It was Monday.
The sky was sawdust and the lavenders were in bloom. White shoes kicked up dust onto ankles exposed by low cut socks. The dirt was red like her eyes. There wasn’t much she could do but keep walking, keep kicking up dust, keep inhaling the soothing scent of purple.
Those white shoes had carried her for a while now. She was walking back from the forest and, when she had finally escaped the dark green of pine and the stickiness of sap, she cried. Her eyes watered at the sight of sun despite the haze of summer drought. It had been too long since she’d been somewhere that extended beyond the next row of branches or clutter of tree trunks. She looked upon the wide expanse of the world before her, and for the first time in months, she made a sound she felt actually existed. It was a sound not simply absorbed by damp leaves and the density of pine, but a sound that anyone in this sprawling, purple void could hear.
She screamed. It was incoherent but it was there, it made a sound and the world could hear her again.
It was now, upon this red dirt, voice returned and rambling, that she saw before her a break in the horizon. The plain was cut in half by a gray line and her breath betrayed her with a sharp intake. She had a feeling, but she blocked it out because she didn’t want to feel it if it wasn’t real. She didn’t want hope, only to have it leave her again. So, before continuing on, she took a moment and she sat. She looked at her skinned knees and picked a bit at one of the scabs. She played with the tattered hem of her dress and the faded flowers on the fabric that had been so very vibrant before she had begun this journey. Then, she observed her shoes, the shoes that were meant to be white, and she realized this was not the case at all anymore. Leaves from the forest were plastered to the heels and red dust was sprinkled over the toes. The spaces in the soles of her shoes were filled with tiny pebbles that were wedged in too tight to pick out with broken fingernails. She sighed and tilted her head back, letting the sun above her wash over her chest and neck and face and wherever else the light could reach. She felt her long, unkempt hair brush in between her shoulder blades and she let it stay there, swaying and soft until a piece of grass woven in scratched her back. She considered reaching back and attempting to pull it out, but something so miniscule couldn’t possibly matter to her in this moment. This could be the end. This could be it. She wasn’t sure. But this could be it.
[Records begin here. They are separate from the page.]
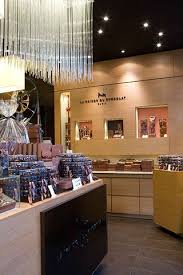Pin By Christopher Pang On Chocolate Retail Shops Chocolate Shop Food Shop Interior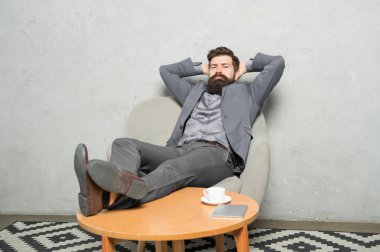 Yapılan işten memnun. İş yerinde bir erkek. Takım elbiseli bir iş adamı. İnsanoğlunun başarısı. Kendine güvenen bir adam. Sakallı adam. Başarıyı hisset. Sakallı, olgun bir hippi. İş başarısı. Modern iş adamı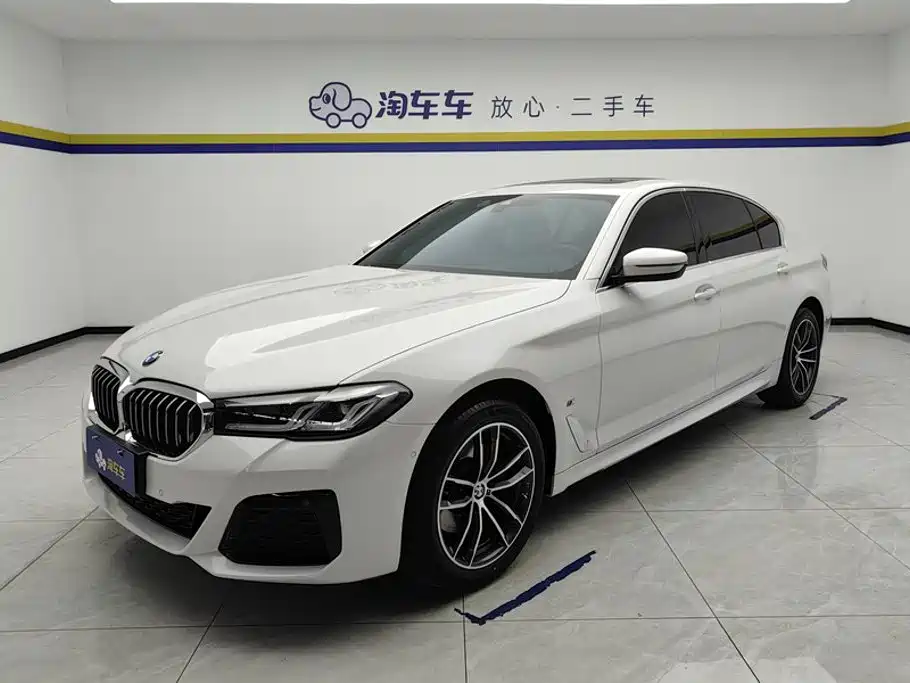 BMW 5 Series 2023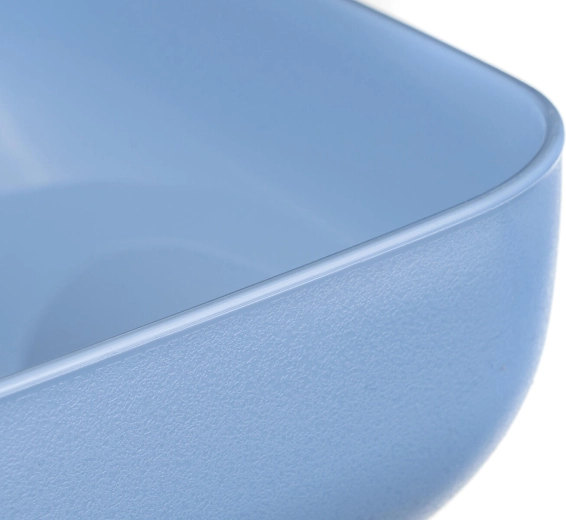 Plastic rezistent pentru utilizare zilnică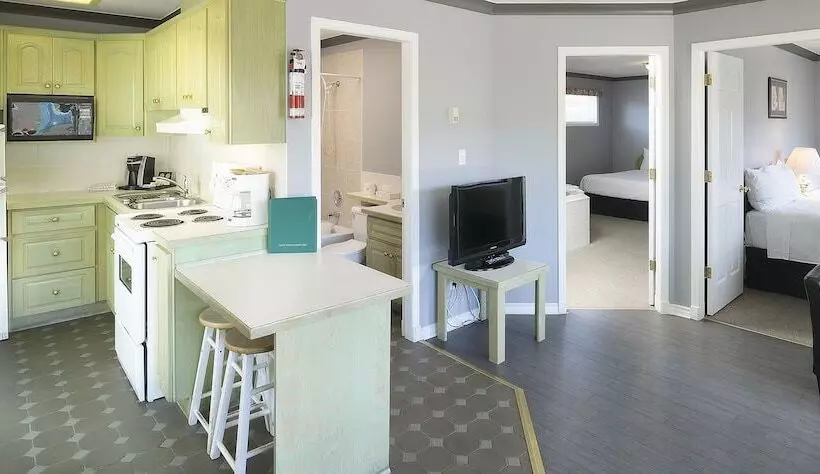 ホテル Tiki Shores Inn & Suites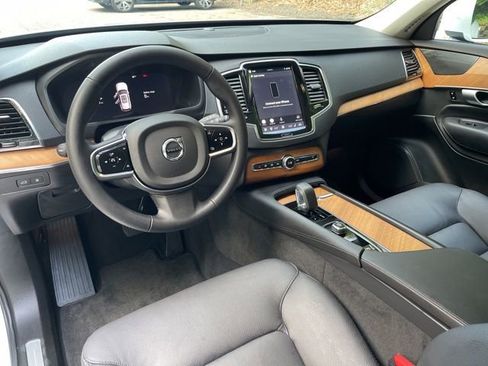 Used 2024 Volvo XC90 T8 Plus AWD/4WD image 17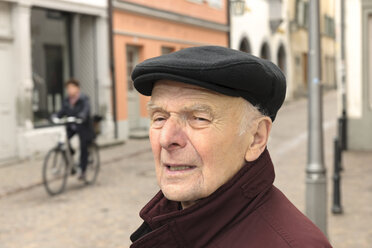 Germany, Baden-Wuerttemberg, Constance, portrait of an old man - LAF000854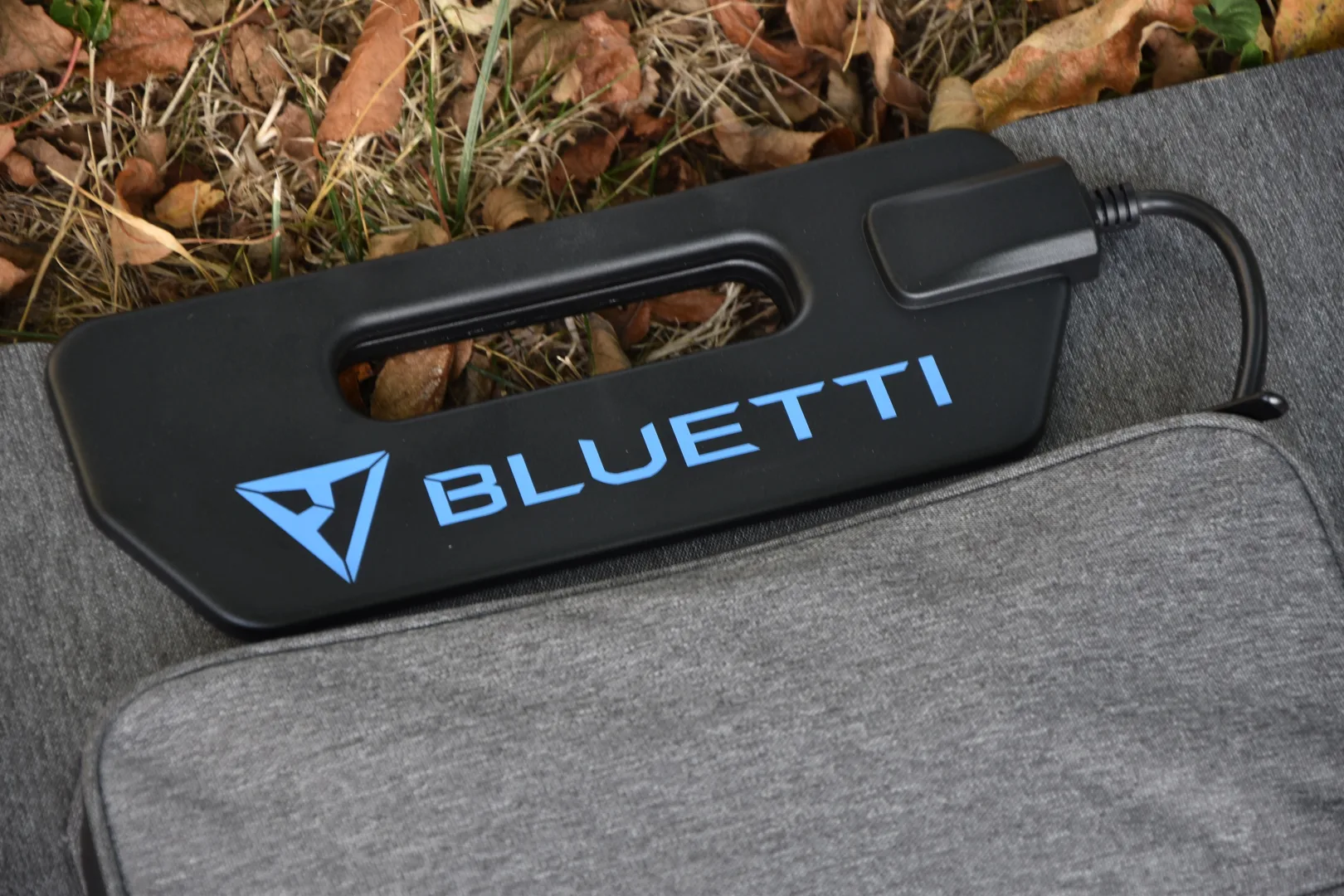 Bluetti 100W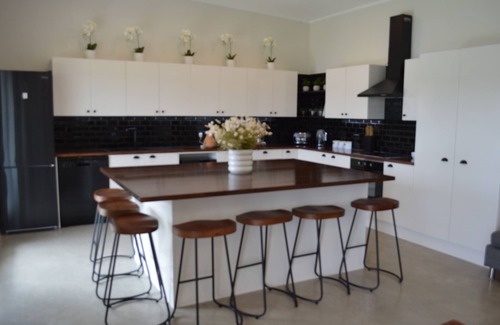 Kaingaroa Casa | Serene Lakeside Escape in Brand New Luxury House!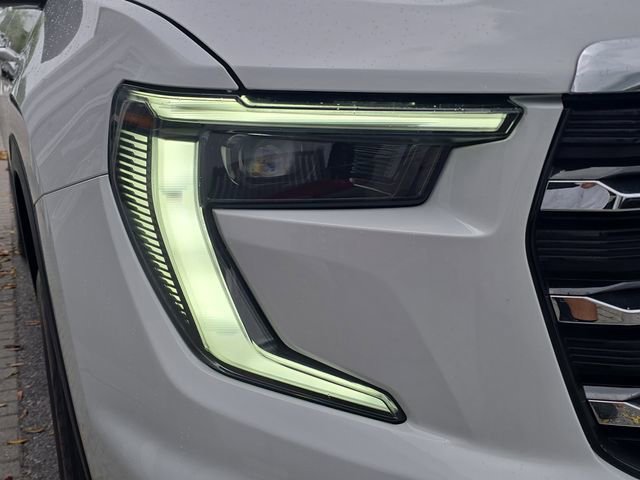 Certified 2025 GMC Acadia Elevation image 10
A lavender bush next to her shrugged when she asked the world if she should stand. The dust had stronger opinions and turned into a devil. It picked her up and she got red in her eyes. She bent down to pick a few purple flowers, just in case what she saw on the horizon really was what she thought. She attempted to comb a few fingers through her hair, but gave up about two inches from the roots. She let her hand, not without a bouquet of lavender, fall to her side and swing there as she took a few timid steps towards her hope. Her white shoes, which were not as white as she thought before, felt like lead dragging through the dirt. She thought about leaving the shoes behind, but she was so close to this much-anticipated ending that she couldn’t bring herself to stop.
The dust devil pushed her along as she followed a path that the lavender made. She was going to make it to that gray line cutting through the horizon and she wasn’t going to stop.
Fall haze turned into the undiscernible light of dusk. Slowly but surely the line became part of the horizon, melting in the gray light, and her shoes, her once white shoes, were gray too now and thus, disappeared. She felt her feet no longer existed so she paused along the lavender path and removed her shoes, because she knew she was nearing the gray line and her shoes were only covering the non-existence of her feet. She set the shoes, toes turned in, on the side of the path. She made sure she laced each one into a nice little bow and she reluctantly left them behind. She was going to miss those shoes, but they weren’t white anymore and she had no feet, so they were no use to her.
She continued, leaving red blood in the red dirt from her blisters, but she couldn’t tell because she had no feet and her blood was gray at dusk and so was the dirt. But just as quickly as dusk grabbed the plain, it was overtaken by a larger predator, darkness.
At this, she thought she had lost her eyes too. She had been in such dense forest before this time of open plains that she had forgotten about the cycles of day and night. In her blindness, she stumbled and thus decided to wait for her sight to return. She had been on this journey for so long anyways, she had the patience to wait for light. She lied down on the path she was on and fell asleep, dirt pressing into her cheek and finding its way into her mouth with each breath.
“When will I regain my sight?” she thought, and drifted off, unsure if her eyes were open or closed.